§ **Work item**
Return the following data exactly, with all pictures left out.

§ **Stored items**
_ _ _

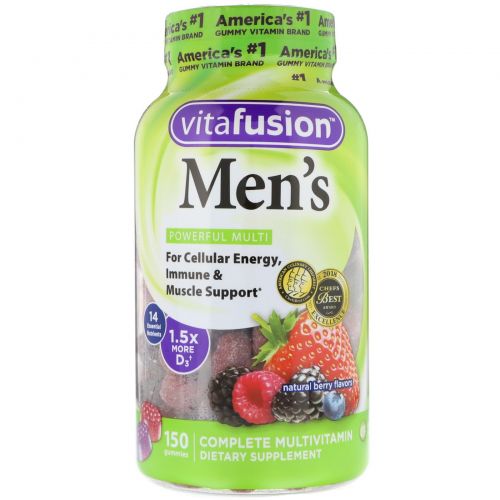 VitaFusion, Комплексные мультивитамины для мужчин, натуральные ягодные вкусы, 150 жевательных таблеток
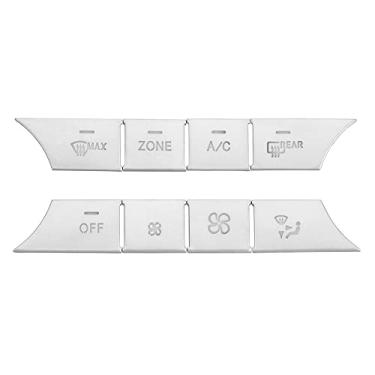 Imagem de CYCDIY Decalque de botão de ar condicionado para console central prateado Aquecedor CA capa de acabamento de botão de controle climático compatível com Mercedes Benz C Class W204 2011-2014 /GLK X204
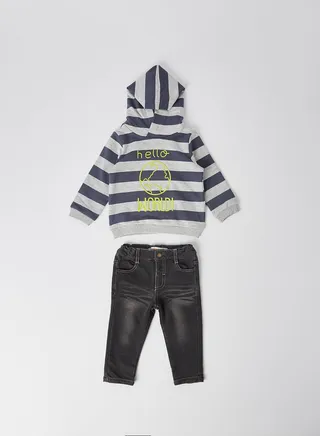 Hello World Print Hooded Jacket And Pant Set Dark Grey/ Navy Blue/Brown 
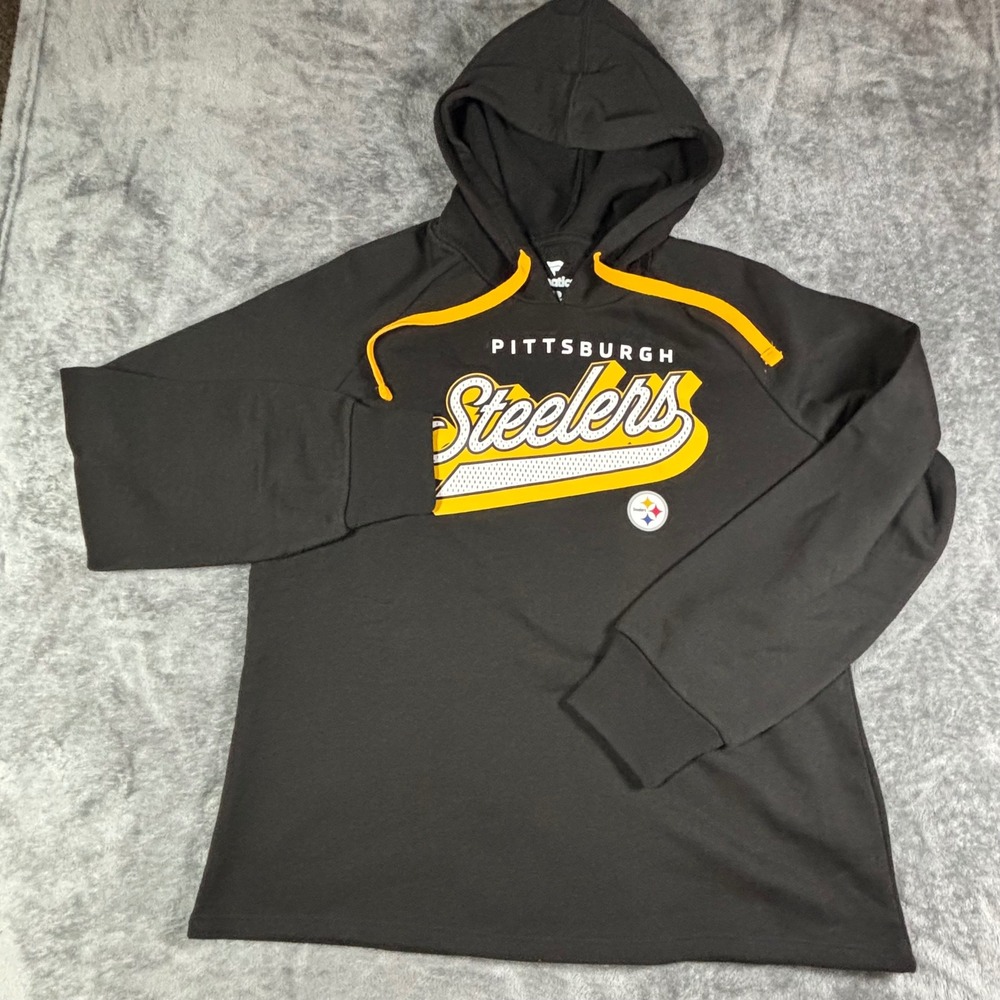Fanatics Pittsburgh Steelers Womens Hoodie Black Gold Graphic Sweatshirt NFL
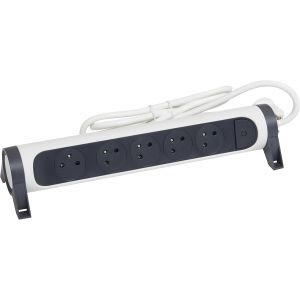 Multiprise Rotative Avec Interrupteur &agrave; Voyant LED - 5 Prises Surface avec Terre - Cordon 3m - Blanc et Gris Fonc&eacute; - Neuf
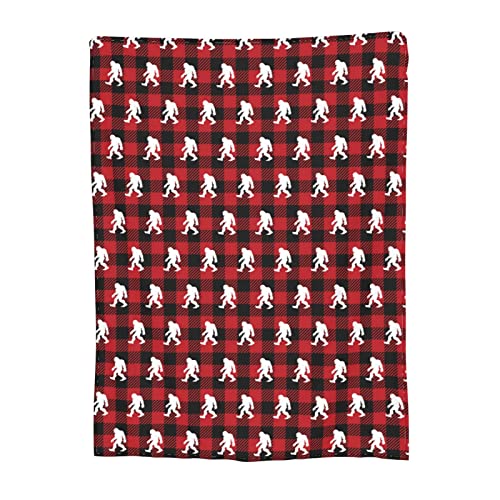 Buffalo Check Tartan Plaid Scots Style Clan Bigfoot Christmas Full Fleece Throw Cloak Wearable Blanket Flannel Fluffy Comforter Quilt Nursery Bedroom Bedding King Size Plush Soft Cozy #TOP1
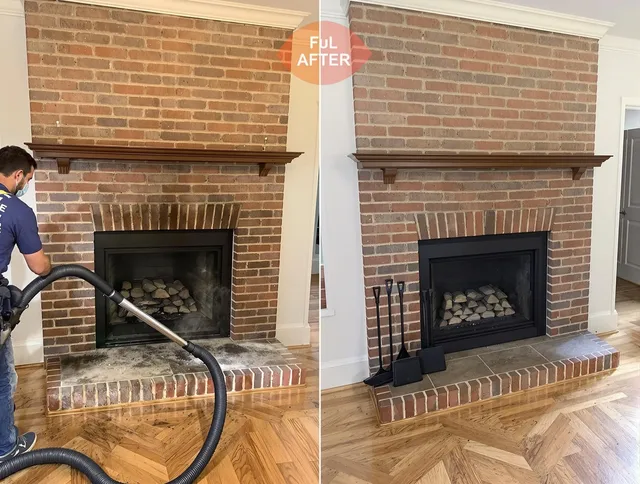 Monterey Park Chimney Sweep carefully sanitizing a fireplace in Monterey Park, CA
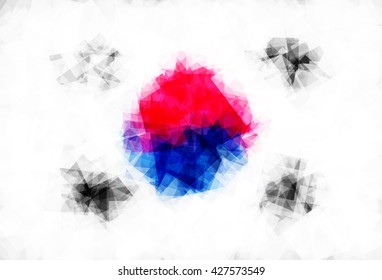 Flag of South Korea (Republic of Korea) in Vector Square Design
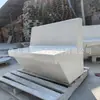 Banco de cemento UHPC para paisajismo de jardines municipales, banco de descanso público para plazas de la ciudad, banco combinado de piedra artificial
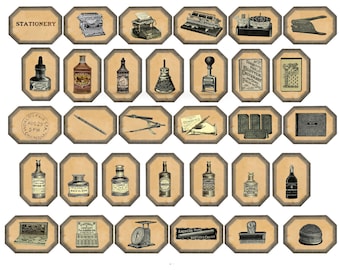 Vintage Stationery Labels: Black & White Ephemera (Digital Download)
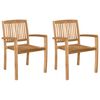 vidaXL Stacking Garden Dining Chairs 2 pcs Solid Teak Wood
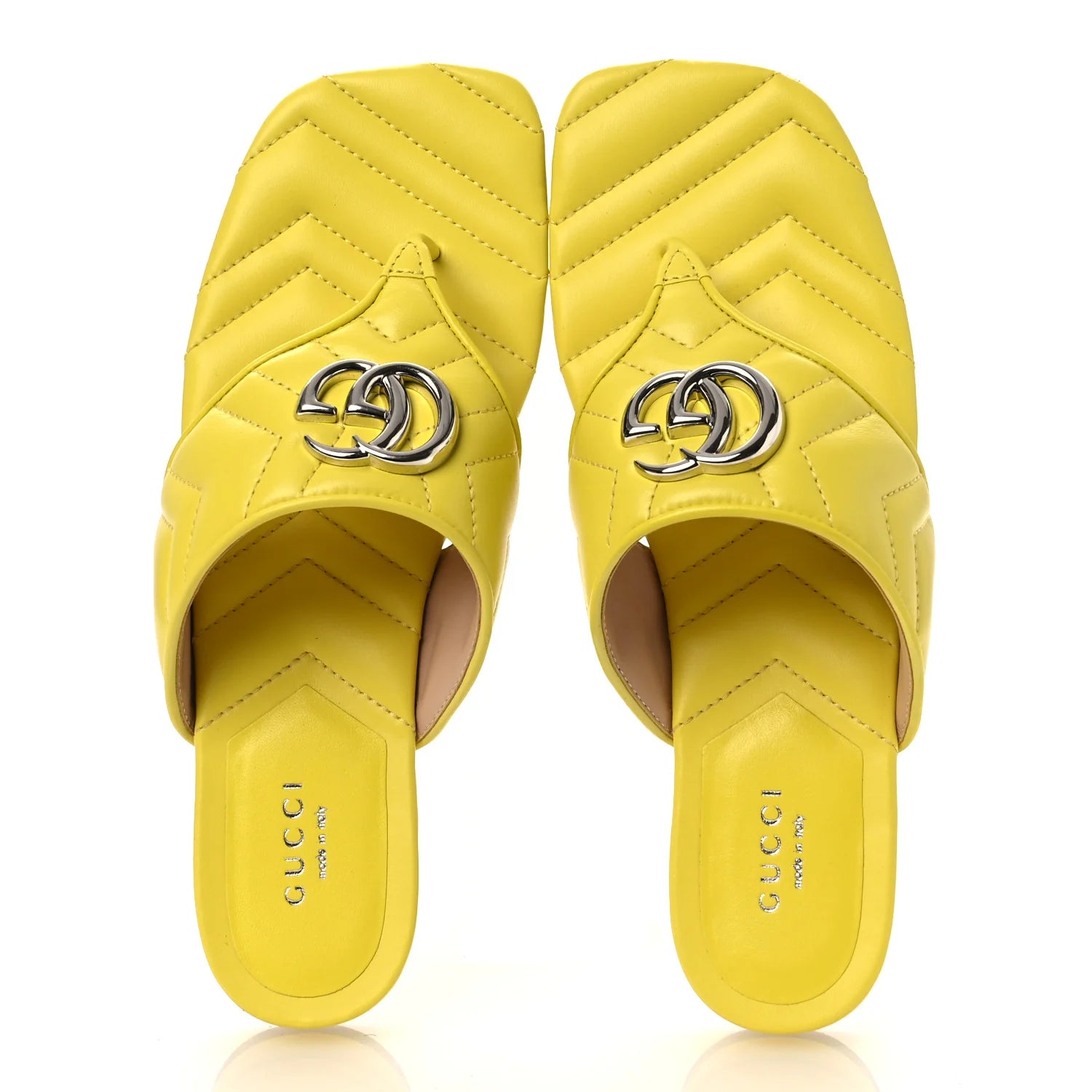 Gucci Yellow Quilted Leather Sandals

_ _ _

§ **Response for this exercise**
 VitaFusion, Комплексные мультивитамины для мужчин, натуральные ягодные вкусы, 150 жевательных таблеток
 Imagem de CYCDIY Decalque de botão de ar condicionado para console central prateado Aquecedor CA capa de acabamento de botão de controle climático compatível com Mercedes Benz C Class W204 2011-2014 /GLK X204
 Hello World Print Hooded Jacket And Pant Set Dark Grey/ Navy Blue/Brown 
Fanatics Pittsburgh Steelers Womens Hoodie Black Gold Graphic Sweatshirt NFL
 Multiprise Rotative Avec Interrupteur &agrave; Voyant LED - 5 Prises Surface avec Terre - Cordon 3m - Blanc et Gris Fonc&eacute; - Neuf
 Buffalo Check Tartan Plaid Scots Style Clan Bigfoot Christmas Full Fleece Throw Cloak Wearable Blanket Flannel Fluffy Comforter Quilt Nursery Bedroom Bedding King Size Plush Soft Cozy #TOP1
 Monterey Park Chimney Sweep carefully sanitizing a fireplace in Monterey Park, CA
 Flag of South Korea (Republic of Korea) in Vector Square Design
 Banco de cemento UHPC para paisajismo de jardines municipales, banco de descanso público para plazas de la ciudad, banco combinado de piedra artificial
 Vintage Stationery Labels: Black & White Ephemera (Digital Download)
 vidaXL Stacking Garden Dining Chairs 2 pcs Solid Teak Wood
 Gucci Yellow Quilted Leather Sandals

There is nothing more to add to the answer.